For Obama, Nuclear Weapons Are a Last Resort
"We are going to make sure that we can continue to move toward less emphasis on nuclear weapons . . . and to make sure that our conventional weapons capability is an effective deterrent in all but the most extreme circumstances," he said. The White House is expected to release the document, called the Nuclear Posture Review, for review on Tuesday.
However, two countries are exempt from Obama's softer, kinder nuclear policy: Iran and North Korea. Both of which, he says, have violated or renounced that treaty.
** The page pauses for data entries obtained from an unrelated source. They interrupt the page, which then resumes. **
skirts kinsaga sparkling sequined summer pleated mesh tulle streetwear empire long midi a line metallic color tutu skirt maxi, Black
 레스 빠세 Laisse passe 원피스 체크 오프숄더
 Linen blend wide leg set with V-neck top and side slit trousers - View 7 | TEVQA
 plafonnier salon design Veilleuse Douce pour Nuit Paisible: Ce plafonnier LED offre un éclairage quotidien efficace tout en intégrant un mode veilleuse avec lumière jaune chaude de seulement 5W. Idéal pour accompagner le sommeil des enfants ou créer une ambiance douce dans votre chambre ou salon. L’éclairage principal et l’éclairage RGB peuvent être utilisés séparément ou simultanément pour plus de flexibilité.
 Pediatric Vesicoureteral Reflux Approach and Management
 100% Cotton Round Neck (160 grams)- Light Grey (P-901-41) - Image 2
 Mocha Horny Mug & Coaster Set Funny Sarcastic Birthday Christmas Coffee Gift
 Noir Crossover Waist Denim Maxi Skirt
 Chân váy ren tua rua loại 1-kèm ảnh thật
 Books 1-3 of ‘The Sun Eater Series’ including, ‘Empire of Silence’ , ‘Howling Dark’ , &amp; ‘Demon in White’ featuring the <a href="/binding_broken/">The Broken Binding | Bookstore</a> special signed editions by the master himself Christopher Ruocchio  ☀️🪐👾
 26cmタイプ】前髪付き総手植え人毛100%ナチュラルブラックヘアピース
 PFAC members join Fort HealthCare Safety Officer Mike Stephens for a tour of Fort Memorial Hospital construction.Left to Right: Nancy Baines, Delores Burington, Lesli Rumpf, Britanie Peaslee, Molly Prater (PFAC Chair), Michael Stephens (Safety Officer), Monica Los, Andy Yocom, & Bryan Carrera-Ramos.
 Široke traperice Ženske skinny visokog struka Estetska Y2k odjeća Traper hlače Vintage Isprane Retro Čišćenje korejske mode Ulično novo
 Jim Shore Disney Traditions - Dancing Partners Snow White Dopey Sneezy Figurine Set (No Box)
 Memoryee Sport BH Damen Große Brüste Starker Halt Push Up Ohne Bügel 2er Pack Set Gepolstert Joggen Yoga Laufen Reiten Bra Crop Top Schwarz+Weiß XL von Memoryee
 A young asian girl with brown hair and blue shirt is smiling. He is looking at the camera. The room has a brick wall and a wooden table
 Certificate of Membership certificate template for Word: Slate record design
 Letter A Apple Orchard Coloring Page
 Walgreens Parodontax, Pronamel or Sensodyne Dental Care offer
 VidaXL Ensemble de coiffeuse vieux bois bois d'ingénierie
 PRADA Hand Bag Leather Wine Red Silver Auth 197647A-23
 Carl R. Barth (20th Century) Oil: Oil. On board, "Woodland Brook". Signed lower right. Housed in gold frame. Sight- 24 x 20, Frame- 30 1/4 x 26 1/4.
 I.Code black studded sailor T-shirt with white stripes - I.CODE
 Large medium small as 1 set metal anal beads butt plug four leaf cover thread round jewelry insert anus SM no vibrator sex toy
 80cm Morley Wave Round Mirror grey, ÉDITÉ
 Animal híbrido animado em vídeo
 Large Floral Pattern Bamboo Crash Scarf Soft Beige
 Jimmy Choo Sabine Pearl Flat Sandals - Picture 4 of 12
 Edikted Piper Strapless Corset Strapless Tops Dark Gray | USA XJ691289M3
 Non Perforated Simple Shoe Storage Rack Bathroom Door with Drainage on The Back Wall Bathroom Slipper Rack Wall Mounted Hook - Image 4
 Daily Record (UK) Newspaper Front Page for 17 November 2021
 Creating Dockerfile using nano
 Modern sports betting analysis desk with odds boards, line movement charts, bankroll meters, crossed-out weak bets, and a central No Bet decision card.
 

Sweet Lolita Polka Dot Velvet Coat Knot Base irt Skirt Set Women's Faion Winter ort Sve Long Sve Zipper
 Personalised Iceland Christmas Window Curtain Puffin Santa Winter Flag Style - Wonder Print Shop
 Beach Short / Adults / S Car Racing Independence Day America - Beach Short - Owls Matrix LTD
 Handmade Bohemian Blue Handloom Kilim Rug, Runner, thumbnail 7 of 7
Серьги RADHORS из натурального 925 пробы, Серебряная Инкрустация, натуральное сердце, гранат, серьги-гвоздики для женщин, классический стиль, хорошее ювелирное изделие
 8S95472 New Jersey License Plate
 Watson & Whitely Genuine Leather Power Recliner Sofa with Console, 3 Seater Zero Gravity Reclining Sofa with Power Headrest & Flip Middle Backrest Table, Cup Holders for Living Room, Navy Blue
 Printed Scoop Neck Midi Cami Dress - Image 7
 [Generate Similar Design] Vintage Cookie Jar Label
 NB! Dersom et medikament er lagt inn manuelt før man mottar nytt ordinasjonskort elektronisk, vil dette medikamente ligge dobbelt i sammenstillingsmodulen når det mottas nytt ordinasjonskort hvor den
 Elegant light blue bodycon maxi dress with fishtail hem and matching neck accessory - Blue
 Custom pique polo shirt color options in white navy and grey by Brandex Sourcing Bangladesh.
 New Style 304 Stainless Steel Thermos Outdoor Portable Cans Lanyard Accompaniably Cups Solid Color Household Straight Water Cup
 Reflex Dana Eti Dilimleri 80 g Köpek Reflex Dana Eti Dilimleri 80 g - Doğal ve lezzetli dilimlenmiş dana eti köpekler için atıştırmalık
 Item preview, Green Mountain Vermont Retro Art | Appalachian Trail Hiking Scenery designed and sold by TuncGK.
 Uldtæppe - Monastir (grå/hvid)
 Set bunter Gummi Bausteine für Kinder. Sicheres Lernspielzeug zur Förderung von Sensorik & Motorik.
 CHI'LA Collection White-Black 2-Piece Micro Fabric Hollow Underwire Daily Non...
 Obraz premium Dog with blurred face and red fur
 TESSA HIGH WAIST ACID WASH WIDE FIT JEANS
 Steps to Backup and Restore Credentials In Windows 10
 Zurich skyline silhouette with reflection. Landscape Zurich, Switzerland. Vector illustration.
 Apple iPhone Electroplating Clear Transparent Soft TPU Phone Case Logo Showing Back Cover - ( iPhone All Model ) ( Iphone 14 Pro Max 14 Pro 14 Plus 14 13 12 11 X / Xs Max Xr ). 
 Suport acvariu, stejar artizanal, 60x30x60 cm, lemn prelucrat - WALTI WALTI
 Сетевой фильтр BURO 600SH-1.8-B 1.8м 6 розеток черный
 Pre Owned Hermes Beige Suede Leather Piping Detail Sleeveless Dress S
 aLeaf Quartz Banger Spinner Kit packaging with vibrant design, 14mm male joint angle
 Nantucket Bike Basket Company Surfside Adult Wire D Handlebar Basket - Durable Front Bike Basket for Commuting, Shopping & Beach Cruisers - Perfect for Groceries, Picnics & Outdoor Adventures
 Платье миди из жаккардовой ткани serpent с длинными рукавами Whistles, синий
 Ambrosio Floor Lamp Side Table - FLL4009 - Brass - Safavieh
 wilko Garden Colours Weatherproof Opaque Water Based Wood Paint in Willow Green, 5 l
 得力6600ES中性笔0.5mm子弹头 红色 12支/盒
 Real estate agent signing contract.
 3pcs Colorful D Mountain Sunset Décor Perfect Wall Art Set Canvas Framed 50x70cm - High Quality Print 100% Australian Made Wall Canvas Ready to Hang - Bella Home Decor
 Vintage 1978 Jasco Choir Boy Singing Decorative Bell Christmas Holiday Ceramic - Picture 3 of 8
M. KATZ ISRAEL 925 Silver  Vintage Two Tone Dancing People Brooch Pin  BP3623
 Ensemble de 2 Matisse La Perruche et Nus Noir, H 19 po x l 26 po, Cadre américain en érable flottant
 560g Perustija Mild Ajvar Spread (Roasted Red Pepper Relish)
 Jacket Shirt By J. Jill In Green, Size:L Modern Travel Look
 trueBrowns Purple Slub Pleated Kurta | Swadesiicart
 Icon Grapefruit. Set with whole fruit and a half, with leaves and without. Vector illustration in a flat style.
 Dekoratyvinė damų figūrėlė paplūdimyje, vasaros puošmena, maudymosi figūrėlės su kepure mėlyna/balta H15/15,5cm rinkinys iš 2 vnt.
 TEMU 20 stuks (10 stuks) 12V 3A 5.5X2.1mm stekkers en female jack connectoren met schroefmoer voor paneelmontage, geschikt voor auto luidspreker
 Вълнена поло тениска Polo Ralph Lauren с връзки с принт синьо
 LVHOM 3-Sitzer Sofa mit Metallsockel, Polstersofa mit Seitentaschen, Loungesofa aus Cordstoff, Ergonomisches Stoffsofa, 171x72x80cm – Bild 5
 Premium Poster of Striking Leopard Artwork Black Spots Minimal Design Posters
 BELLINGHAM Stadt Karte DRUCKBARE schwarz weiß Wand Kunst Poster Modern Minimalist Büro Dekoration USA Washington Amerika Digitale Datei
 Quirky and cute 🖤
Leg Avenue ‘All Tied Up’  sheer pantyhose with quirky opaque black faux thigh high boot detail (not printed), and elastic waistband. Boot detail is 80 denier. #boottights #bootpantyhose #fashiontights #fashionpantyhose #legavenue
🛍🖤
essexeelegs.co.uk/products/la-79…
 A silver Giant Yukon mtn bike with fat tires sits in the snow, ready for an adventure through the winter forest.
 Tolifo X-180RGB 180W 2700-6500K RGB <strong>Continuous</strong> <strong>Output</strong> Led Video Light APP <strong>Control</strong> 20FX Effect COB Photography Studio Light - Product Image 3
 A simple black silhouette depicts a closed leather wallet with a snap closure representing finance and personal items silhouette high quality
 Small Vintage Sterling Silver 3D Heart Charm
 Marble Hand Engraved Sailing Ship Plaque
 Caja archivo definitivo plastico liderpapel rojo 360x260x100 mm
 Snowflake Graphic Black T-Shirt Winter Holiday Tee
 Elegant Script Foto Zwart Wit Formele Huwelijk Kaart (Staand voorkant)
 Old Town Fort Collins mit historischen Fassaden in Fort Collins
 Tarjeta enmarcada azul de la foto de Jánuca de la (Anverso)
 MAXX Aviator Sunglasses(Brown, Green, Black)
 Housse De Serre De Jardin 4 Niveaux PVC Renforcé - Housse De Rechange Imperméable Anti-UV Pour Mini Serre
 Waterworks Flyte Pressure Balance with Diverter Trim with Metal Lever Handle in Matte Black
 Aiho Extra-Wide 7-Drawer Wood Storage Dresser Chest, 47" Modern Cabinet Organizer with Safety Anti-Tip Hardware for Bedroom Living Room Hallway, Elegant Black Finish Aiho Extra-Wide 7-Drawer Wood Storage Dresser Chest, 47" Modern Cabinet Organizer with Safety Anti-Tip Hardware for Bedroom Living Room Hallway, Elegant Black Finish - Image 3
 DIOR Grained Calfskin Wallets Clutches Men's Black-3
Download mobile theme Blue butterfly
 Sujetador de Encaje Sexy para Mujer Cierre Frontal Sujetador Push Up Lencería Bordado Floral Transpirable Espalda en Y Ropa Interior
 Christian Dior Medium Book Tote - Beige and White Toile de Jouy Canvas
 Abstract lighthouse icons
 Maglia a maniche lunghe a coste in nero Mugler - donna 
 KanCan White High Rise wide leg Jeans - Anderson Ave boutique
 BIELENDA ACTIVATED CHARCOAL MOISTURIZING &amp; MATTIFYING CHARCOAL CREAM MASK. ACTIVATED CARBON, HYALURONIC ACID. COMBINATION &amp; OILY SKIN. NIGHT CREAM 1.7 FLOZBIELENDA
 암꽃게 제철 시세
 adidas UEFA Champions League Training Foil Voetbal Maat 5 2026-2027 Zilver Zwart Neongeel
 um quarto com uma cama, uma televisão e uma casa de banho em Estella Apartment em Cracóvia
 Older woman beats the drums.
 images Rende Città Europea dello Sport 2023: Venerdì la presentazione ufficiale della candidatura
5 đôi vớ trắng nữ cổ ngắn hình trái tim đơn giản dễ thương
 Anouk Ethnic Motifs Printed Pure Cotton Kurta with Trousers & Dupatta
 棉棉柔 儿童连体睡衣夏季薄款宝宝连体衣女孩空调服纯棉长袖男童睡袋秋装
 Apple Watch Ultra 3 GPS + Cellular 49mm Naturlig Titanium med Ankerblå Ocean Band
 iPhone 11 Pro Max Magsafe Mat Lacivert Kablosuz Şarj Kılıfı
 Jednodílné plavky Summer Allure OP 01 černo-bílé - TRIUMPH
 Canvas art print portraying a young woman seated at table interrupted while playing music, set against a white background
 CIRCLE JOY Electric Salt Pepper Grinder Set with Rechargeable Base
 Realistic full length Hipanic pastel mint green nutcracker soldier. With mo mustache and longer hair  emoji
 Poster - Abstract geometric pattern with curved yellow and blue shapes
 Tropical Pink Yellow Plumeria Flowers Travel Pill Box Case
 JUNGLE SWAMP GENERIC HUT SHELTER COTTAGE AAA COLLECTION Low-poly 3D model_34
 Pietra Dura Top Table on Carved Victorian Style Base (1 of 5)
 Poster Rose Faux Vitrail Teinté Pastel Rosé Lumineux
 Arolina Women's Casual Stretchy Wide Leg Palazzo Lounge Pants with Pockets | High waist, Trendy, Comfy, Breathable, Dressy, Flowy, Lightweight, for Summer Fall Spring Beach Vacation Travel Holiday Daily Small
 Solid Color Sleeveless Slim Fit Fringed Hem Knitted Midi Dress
The president also says he wants new sanctions against Iran that "have bite." An Iranian official responded on Tuesday morning by calling sanctions threats a "joke" and said the country had no plans to abandon its nuclear activities under the threat of sanctions.
No Help for Some Defense Contractors
The release of Obama's nuclear strategy comes on the heels of a recently agreed upon U.S.-Russia arms accord, which is expected to be signed on April 8. Under that agreement, both the U.S. and Russia will cut their nuclear arsenals by nearly one-third.
Obama's revised policy on nuclear weapons won't have any impact on his previous vow to provide loan guarantees on the first two nuclear power-generating reactors to be built in the U.S. since the Three Mile Island accident in 1979.